* GOAL OF THE EXERCISE *
Going down the data below, set down exactly the line with "WEDDING INVITATIONS gold" and each line after it through the line with "ニッタク(Nittaku) Nitaku NR-8719"; no other lines.
Start of PROVIDED RECORDS
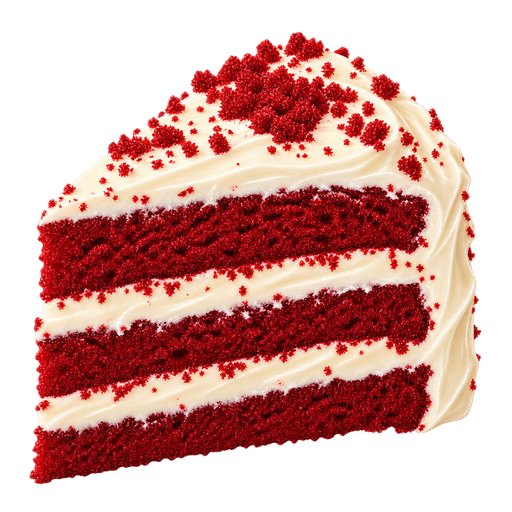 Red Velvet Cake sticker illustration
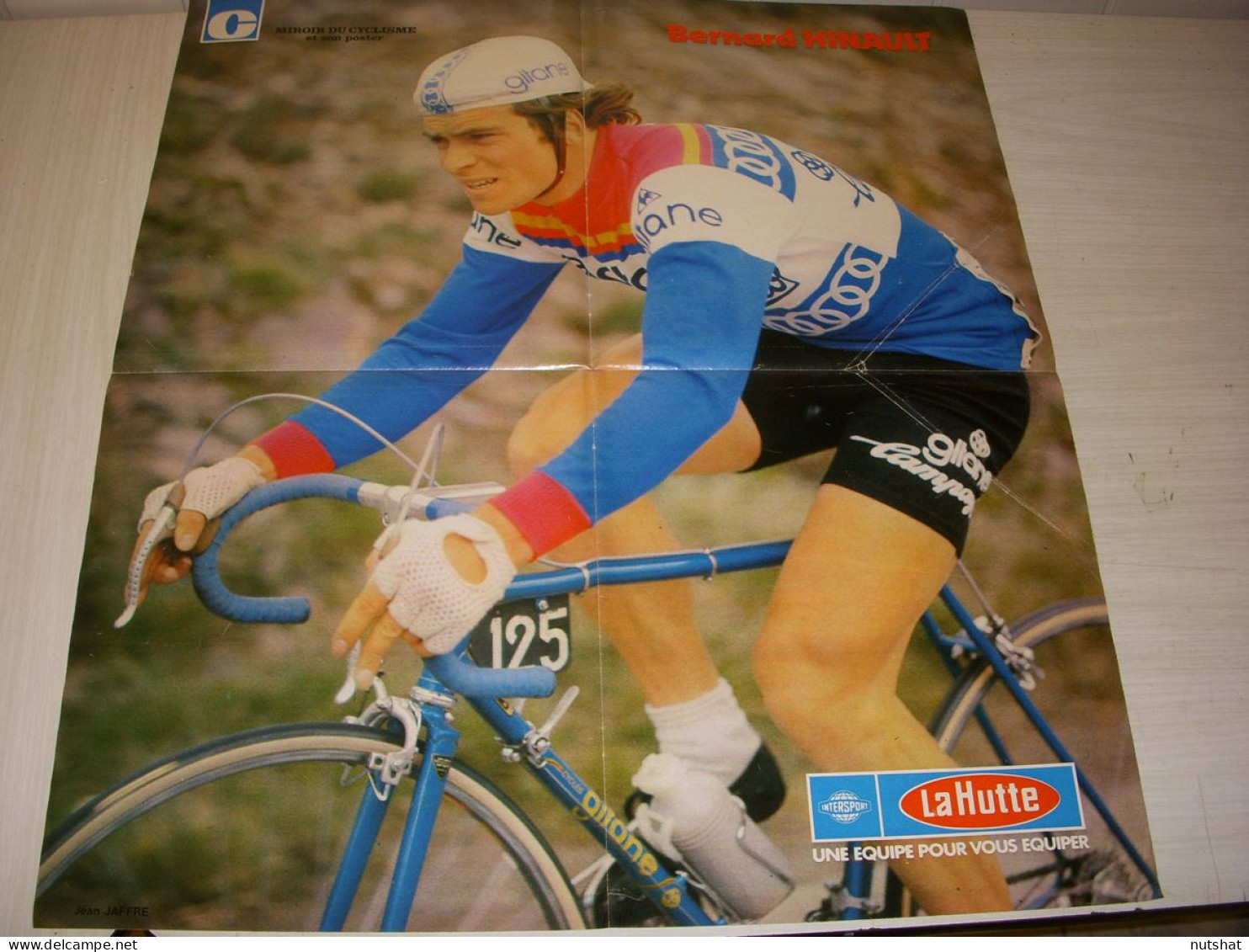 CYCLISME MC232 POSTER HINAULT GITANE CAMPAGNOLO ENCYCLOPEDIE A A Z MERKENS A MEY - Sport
End of PROVIDED RECORDS
Start of PROVIDED RECORDS
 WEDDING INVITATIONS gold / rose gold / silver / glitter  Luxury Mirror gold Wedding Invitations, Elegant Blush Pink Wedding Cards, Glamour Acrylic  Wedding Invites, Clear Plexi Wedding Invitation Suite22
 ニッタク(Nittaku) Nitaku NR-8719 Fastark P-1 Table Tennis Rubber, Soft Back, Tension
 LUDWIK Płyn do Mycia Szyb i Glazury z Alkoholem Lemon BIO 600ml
End of PROVIDED RECORDS
* WRITTEN ANSWER *
 WEDDING INVITATIONS gold / rose gold / silver / glitter  Luxury Mirror gold Wedding Invitations, Elegant Blush Pink Wedding Cards, Glamour Acrylic  Wedding Invites, Clear Plexi Wedding Invitation Suite22
 ニッタク(Nittaku) Nitaku NR-8719 Fastark P-1 Table Tennis Rubber, Soft Back, Tension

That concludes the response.